Growing up in Charles County wasn’t so much a matter of going outside to play as it was knowing when to come back in, says resident Tracey Albrittain.
“I grew up on the banks of the Potomac, right on the water, because that’s where my parents had a farm,” says Albrittain, finance director of the Charles County Chamber of Commerce. “We are surrounded by water here, so we were always out swimming, crabbing and fishing. We’ve got several marinas, so everybody had a boat, and if we weren’t on the water we were at the other parks around here. It’s an amazing place for outdoor living.”
Parks and Trails
Named for native son General William Smallwood, who served in the American Revolution, Smallwood State Park south of Indian Head comprises 628 acres and includes a marina, boat launching ramps, picnic and camping areas, pavilions, recycled-tire playground and nature trails.

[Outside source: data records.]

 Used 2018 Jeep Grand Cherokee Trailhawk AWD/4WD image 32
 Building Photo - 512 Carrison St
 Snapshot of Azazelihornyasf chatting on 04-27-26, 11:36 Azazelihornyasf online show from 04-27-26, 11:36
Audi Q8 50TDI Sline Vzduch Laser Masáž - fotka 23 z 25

Ten miles south, visitors can explore the "largest shipwreck fleet in the Western Hemisphere," Mallows Bay Park, which consists of graves of more than 230 ships sunk in the river. Many are steamships from World War I and were subsequently scuttled in the bay. A .8-mile trail loops around the salvage basin, which also has a boat ramp and pier for recreational use.
A few miles down the Potomac at Wades Bay, birding and wildlife enthusiasts find plenty to raise their binoculars to at Purse State Park, where people also enjoy hunting and searching for fossils. Those interested in birding also may flock directly eastward from there to Nanjemoy Creek Great Blue Heron Sanctuary, where herons come each winter to mate and raise their young. The chicks hatch in April, and by July the birds are all over the Potomac and Chesapeake Bay.

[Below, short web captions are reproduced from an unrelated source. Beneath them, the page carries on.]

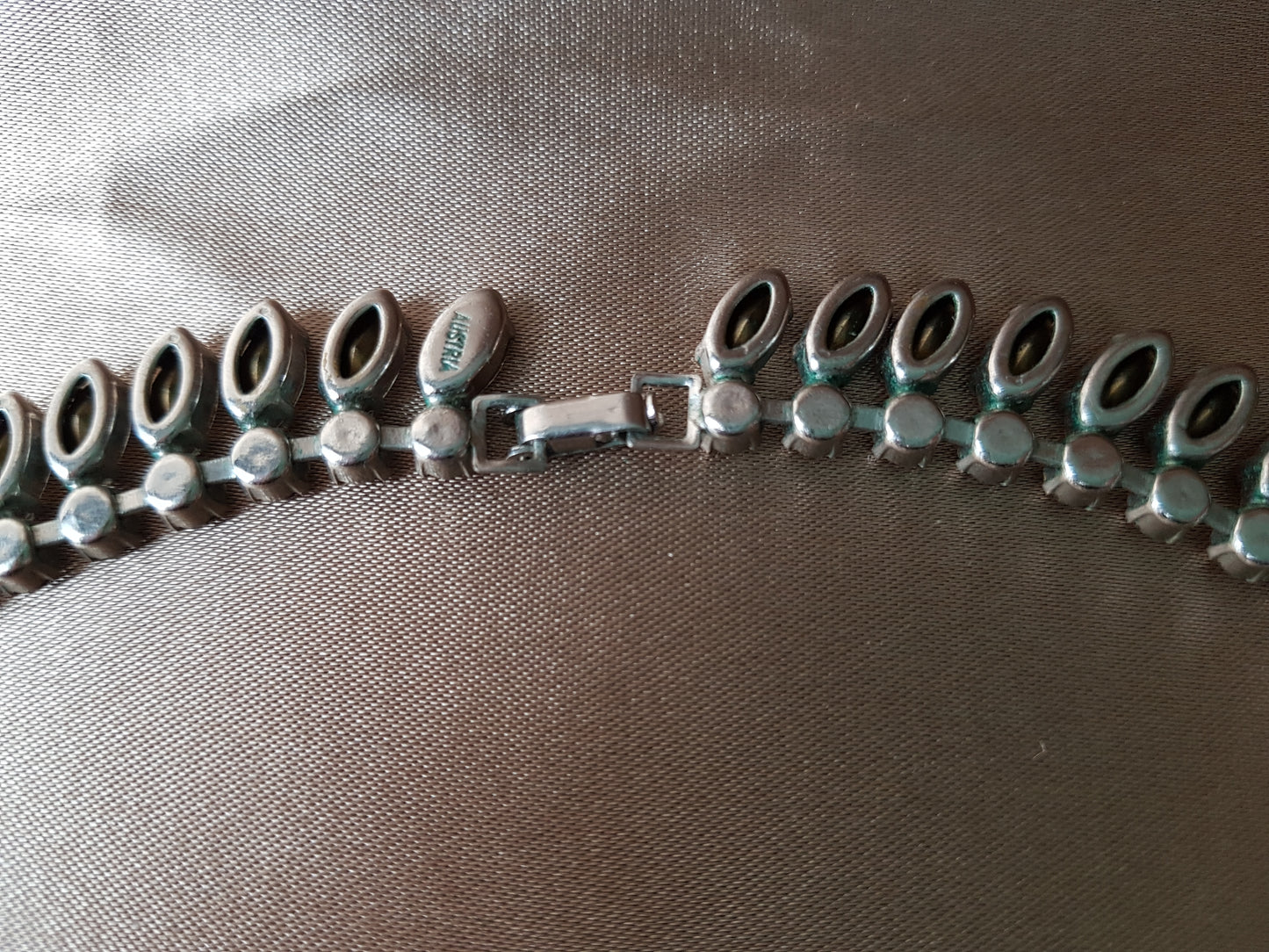 GORGEOUS Collarette Necklace,Brilliant Austrian Crystal Glass Necklace, Top Quality, Gala Evening, Bridal Jewelry, Mid Century Vintage Jewelry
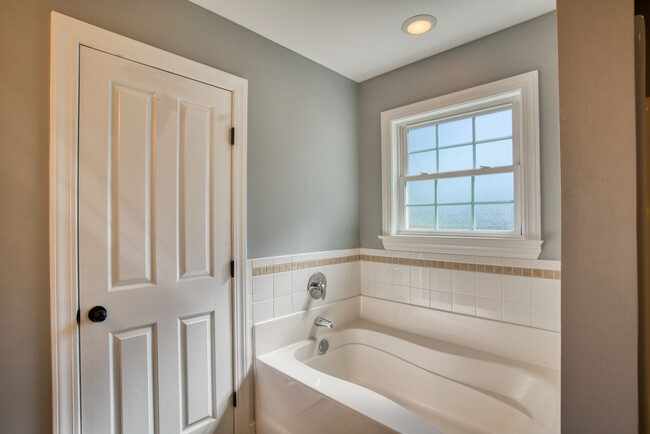 Master Bath - 112 Sparkling Brook Way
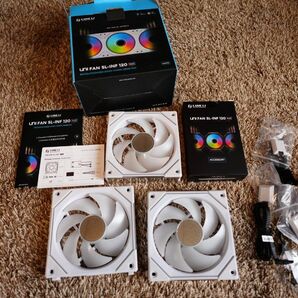 【美品】Lian Li UNI FAN SL-INF 120 WT-3PACK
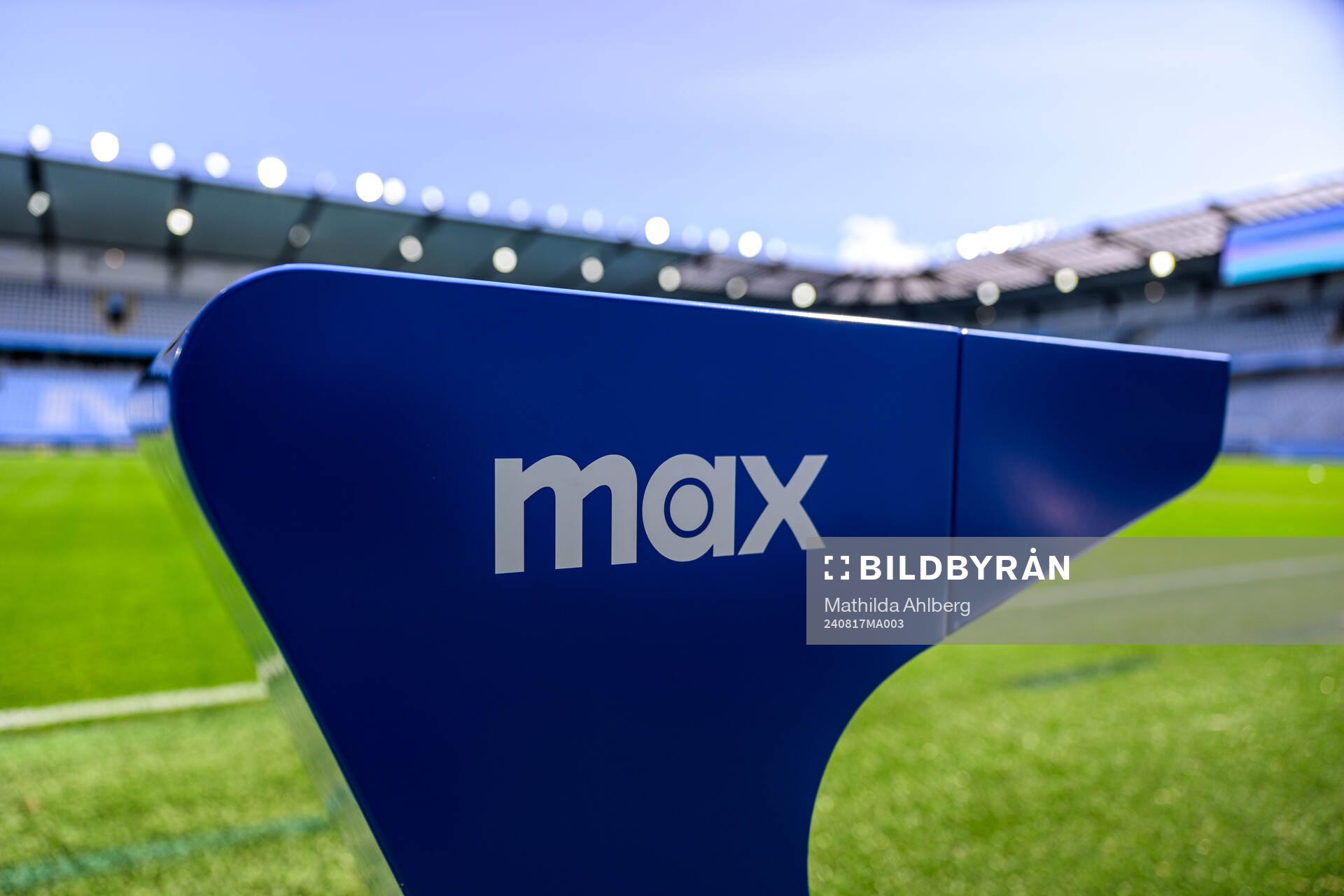 Ett bord med MAX logotyp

Besides being near or getting out on the water, people here enjoy a large, growing network of parks and trails. Among them is the new Indian Head Rail Trail, a 13-mile bike trail converted from a railroad corridor deeded to the county through the National Park Service's Federal Lands to Parks Program. Originally built in 1918 as a supply route for the Navy's Indian Head Powder Factory, the trail runs halfway across the county, connecting the town of Indian Head to Route 301 in White Plains.
On the eastern side of the county, walkers and joggers take to Gilbert Run Park's 2.5-mile nature trail that runs along the 69-acre Wheatley Lake in Charlotte Hall. The park offers a self-guided nature walk, fishing pavilions, many boardwalks and bridges, and even a beaver colony observation deck.

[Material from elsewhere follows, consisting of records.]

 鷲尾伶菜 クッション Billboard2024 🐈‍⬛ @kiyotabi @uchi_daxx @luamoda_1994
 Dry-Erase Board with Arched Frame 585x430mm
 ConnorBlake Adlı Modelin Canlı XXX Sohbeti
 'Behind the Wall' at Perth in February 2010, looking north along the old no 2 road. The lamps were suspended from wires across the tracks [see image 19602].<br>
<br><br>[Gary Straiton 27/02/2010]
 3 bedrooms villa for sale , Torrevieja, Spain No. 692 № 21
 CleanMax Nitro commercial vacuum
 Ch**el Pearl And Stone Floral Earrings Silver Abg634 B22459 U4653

Charles County's tobacco farming heritage runs deep, and many of those long-time family farms have become destinations for family fun - yet another reason to spend time outdoors enjoying the area's rich natural resources.
One popular spot is Middleton’s Cedar Hill Farm, owned by state Senator Thomas “Mac” Middleton and his family. According to Middleton, legacy farming, such as that done by the county’s Amish community and other traditional farmers, coupled with the conversion of some properties to agritourism, creates an economic development one-two punch for Charles County.
“On any given weekend we’ll have more than 50 percent of our visitors from outside the area,” Middleton says. “We have a strong, agrarian tradition here, and I see it continuing to survive and thrive in many different ways.”